─── Given data ───
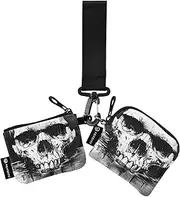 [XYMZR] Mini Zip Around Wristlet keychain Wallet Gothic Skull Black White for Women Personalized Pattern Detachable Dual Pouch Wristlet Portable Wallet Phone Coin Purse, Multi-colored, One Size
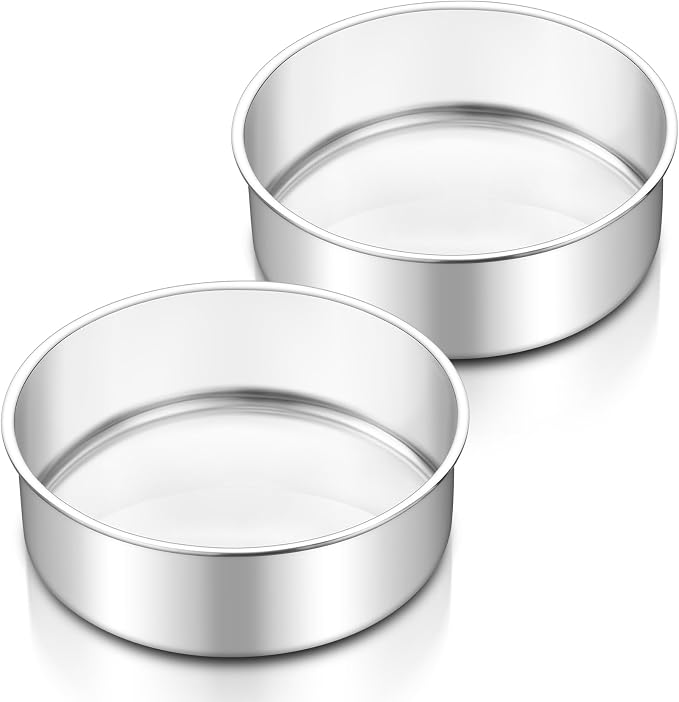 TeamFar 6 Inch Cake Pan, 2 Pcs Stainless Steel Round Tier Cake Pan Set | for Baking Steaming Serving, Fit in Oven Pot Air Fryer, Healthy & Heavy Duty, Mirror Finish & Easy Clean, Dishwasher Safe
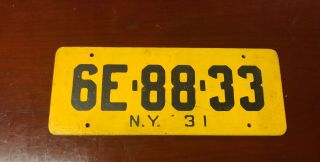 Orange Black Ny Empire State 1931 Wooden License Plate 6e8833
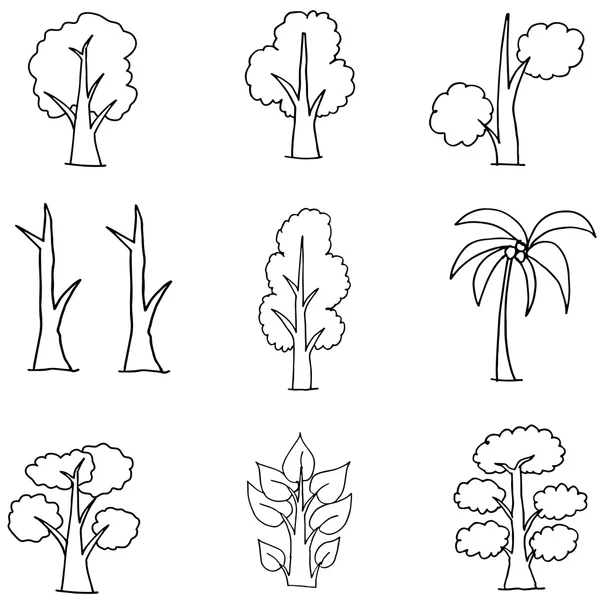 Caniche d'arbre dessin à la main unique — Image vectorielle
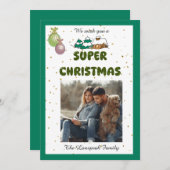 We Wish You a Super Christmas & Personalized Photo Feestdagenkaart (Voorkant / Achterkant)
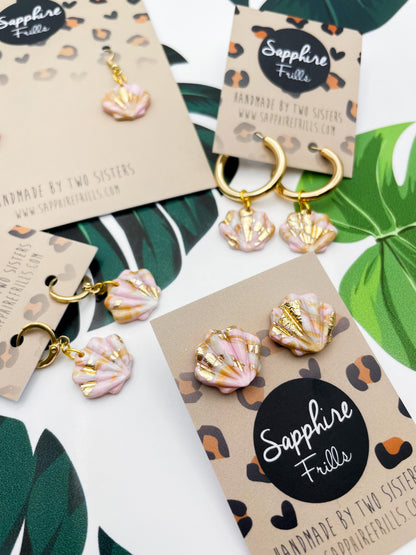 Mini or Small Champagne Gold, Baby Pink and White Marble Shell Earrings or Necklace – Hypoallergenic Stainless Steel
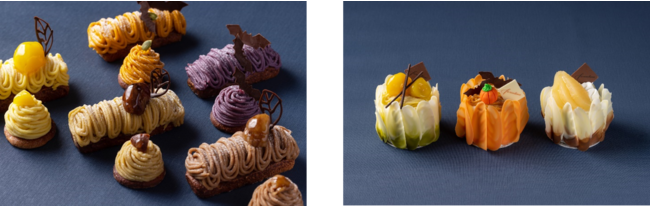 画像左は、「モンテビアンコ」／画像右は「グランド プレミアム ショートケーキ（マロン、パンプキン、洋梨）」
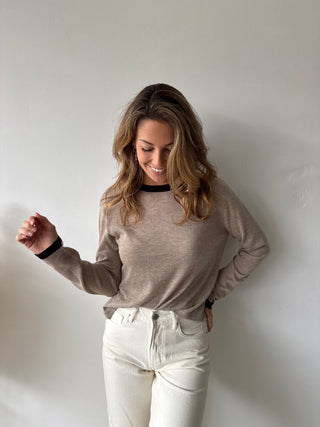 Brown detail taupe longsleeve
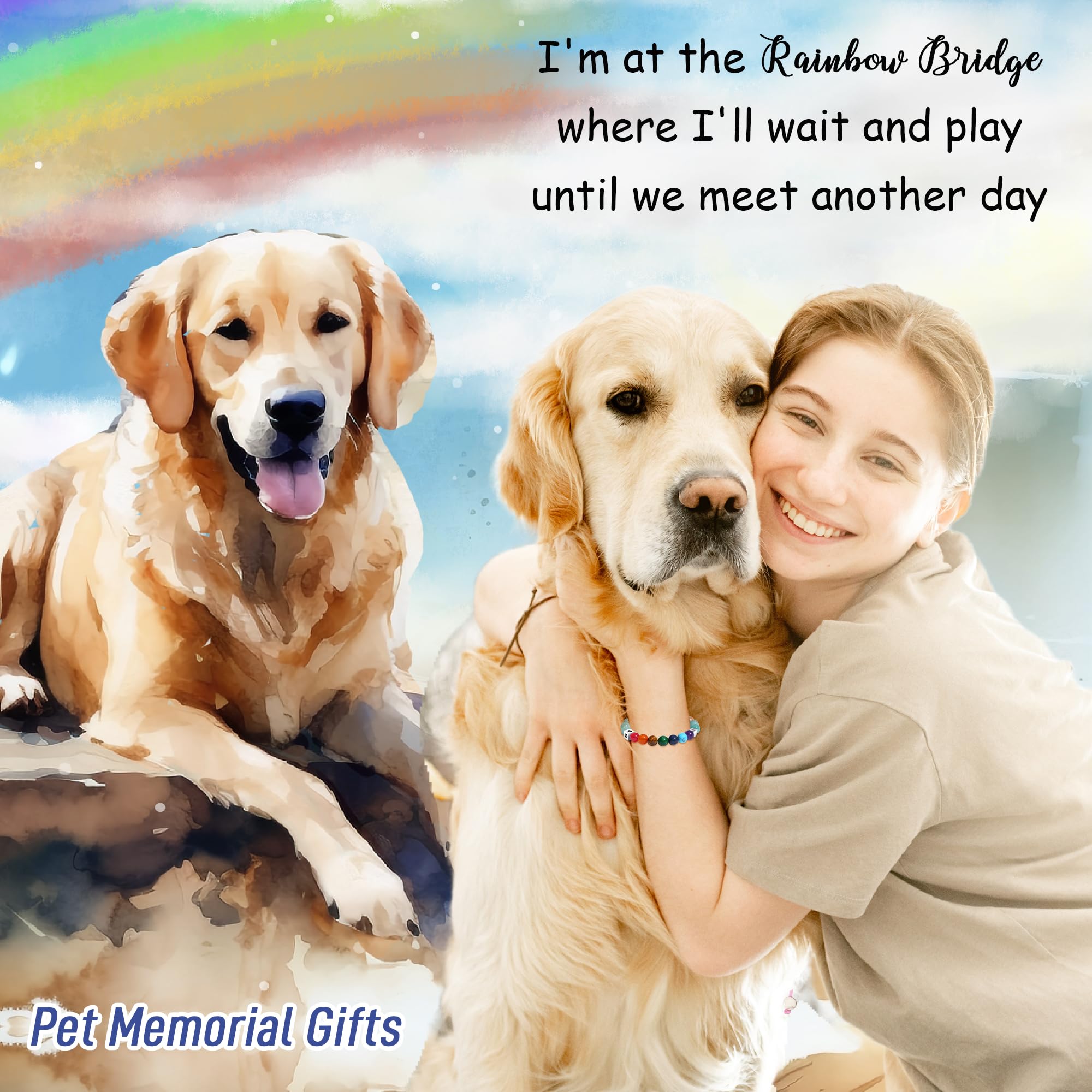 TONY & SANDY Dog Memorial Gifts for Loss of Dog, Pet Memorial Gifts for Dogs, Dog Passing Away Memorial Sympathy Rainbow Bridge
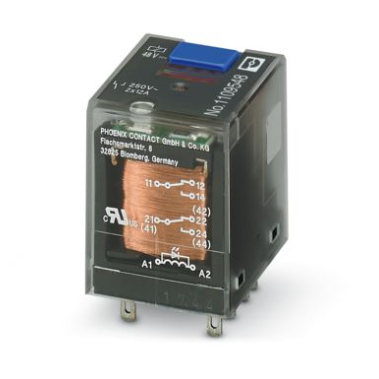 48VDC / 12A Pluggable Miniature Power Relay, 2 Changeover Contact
───
__Work task__
Repeat the listing in full and exactly. Do not include any images.

__Exercise response__
 [XYMZR] Mini Zip Around Wristlet keychain Wallet Gothic Skull Black White for Women Personalized Pattern Detachable Dual Pouch Wristlet Portable Wallet Phone Coin Purse, Multi-colored, One Size
 TeamFar 6 Inch Cake Pan, 2 Pcs Stainless Steel Round Tier Cake Pan Set | for Baking Steaming Serving, Fit in Oven Pot Air Fryer, Healthy & Heavy Duty, Mirror Finish & Easy Clean, Dishwasher Safe
 Orange Black Ny Empire State 1931 Wooden License Plate 6e8833
 Caniche d'arbre dessin à la main unique — Image vectorielle
 We Wish You a Super Christmas & Personalized Photo Feestdagenkaart (Voorkant / Achterkant)
 Mini or Small Champagne Gold, Baby Pink and White Marble Shell Earrings or Necklace – Hypoallergenic Stainless Steel
 画像左は、「モンテビアンコ」／画像右は「グランド プレミアム ショートケーキ（マロン、パンプキン、洋梨）」
 Brown detail taupe longsleeve
 TONY & SANDY Dog Memorial Gifts for Loss of Dog, Pet Memorial Gifts for Dogs, Dog Passing Away Memorial Sympathy Rainbow Bridge
 48VDC / 12A Pluggable Miniature Power Relay, 2 Changeover Contact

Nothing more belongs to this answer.